***** SUPPLIED RECORDS *****
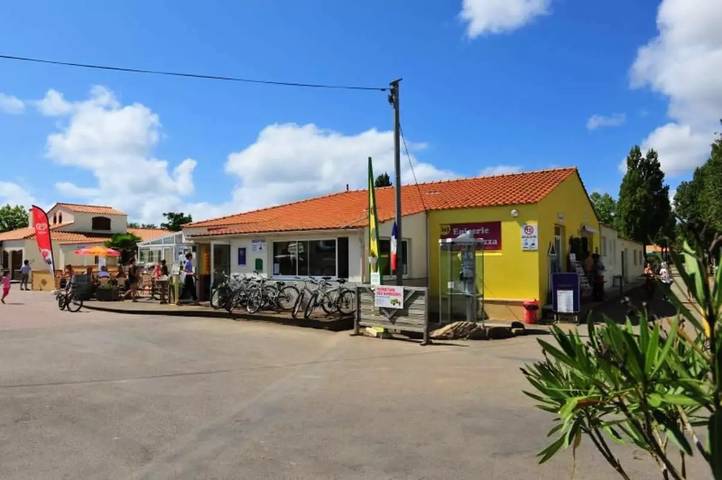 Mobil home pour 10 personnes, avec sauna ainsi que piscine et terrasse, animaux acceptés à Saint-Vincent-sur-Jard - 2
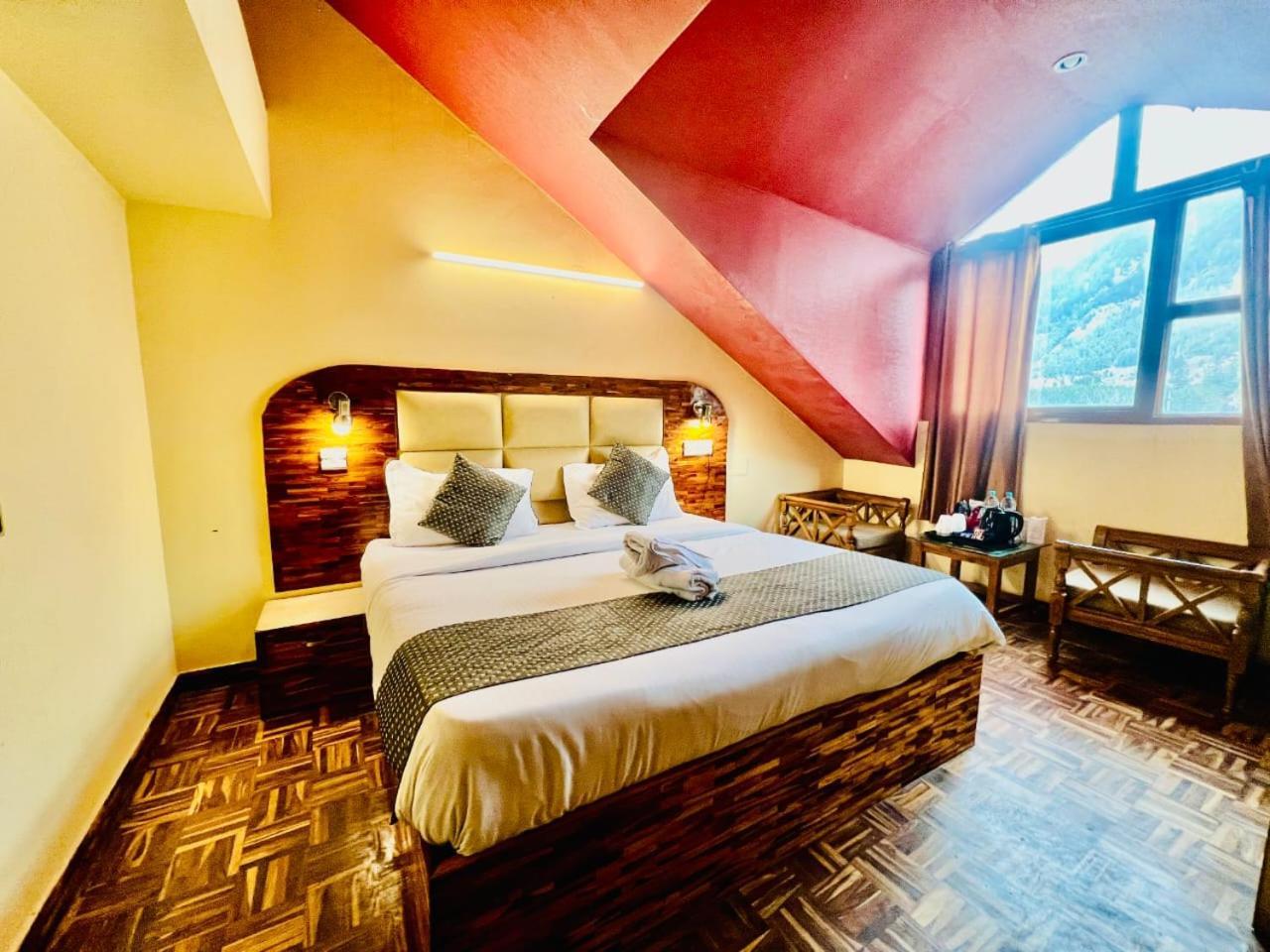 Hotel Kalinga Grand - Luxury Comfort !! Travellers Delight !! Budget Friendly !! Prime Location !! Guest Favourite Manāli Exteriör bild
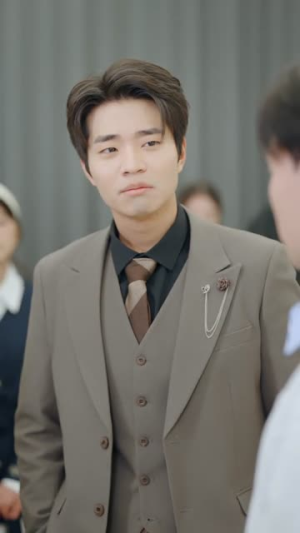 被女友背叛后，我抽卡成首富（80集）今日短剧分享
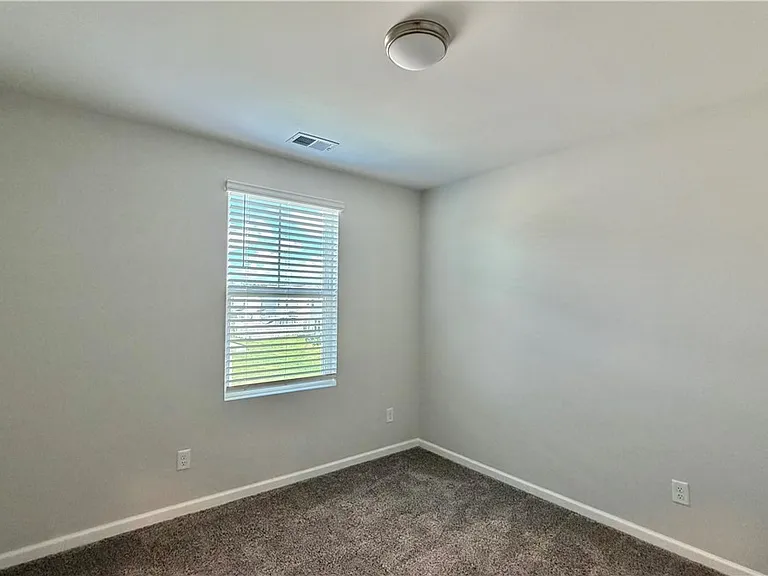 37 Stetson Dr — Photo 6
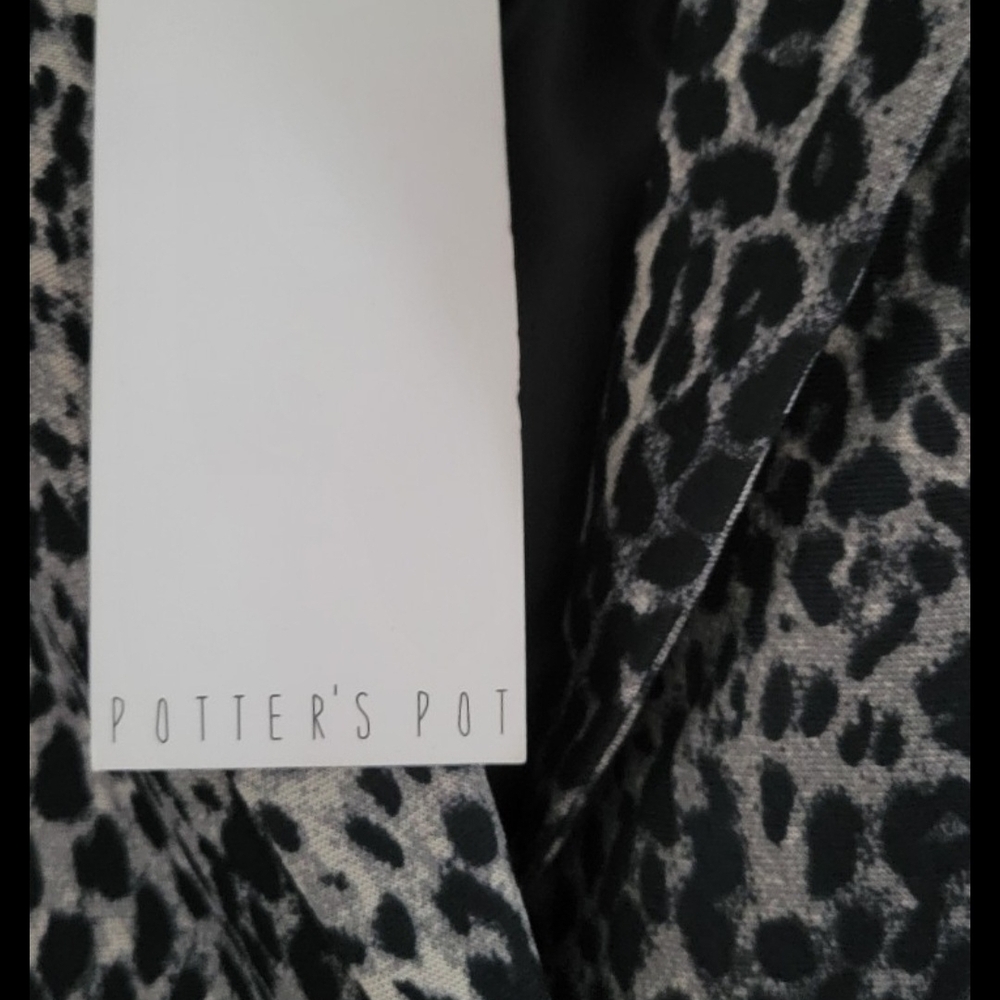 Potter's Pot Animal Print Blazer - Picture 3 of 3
*****
***** SUPPLIED RECORDS *****
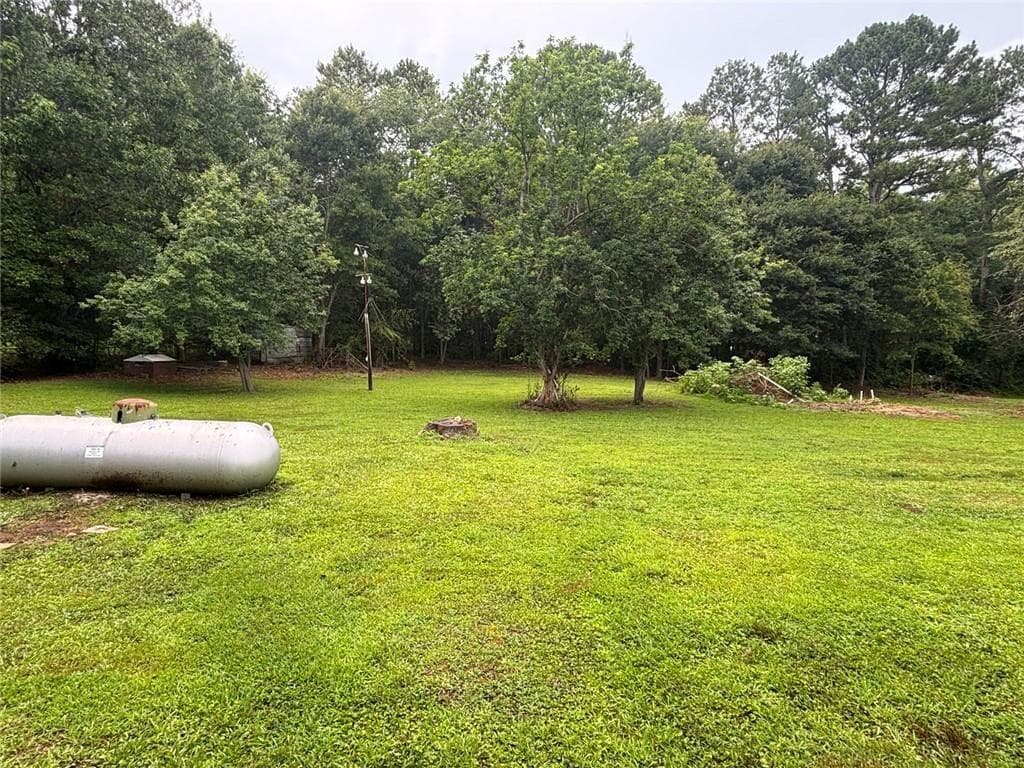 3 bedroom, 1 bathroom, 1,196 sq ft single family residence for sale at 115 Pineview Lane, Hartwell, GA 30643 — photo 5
*****
***** SUPPLIED RECORDS *****
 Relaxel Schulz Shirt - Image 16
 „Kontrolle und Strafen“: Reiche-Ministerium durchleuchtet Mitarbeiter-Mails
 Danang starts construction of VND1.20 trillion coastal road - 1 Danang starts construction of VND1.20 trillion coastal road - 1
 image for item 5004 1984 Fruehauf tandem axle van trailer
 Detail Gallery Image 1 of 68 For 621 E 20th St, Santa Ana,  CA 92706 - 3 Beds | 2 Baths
*****
**ASSIGNMENT**
Find the line with "Hotel Kalinga Grand" and the line with "Potter's Pot Animal" in the records above. Copy both and all lines between them exactly, without pictures.

**SOLUTION FOR THIS TASK**
 Hotel Kalinga Grand - Luxury Comfort !! Travellers Delight !! Budget Friendly !! Prime Location !! Guest Favourite Manāli Exteriör bild
 被女友背叛后，我抽卡成首富（80集）今日短剧分享
 37 Stetson Dr — Photo 6
 Potter's Pot Animal Print Blazer - Picture 3 of 3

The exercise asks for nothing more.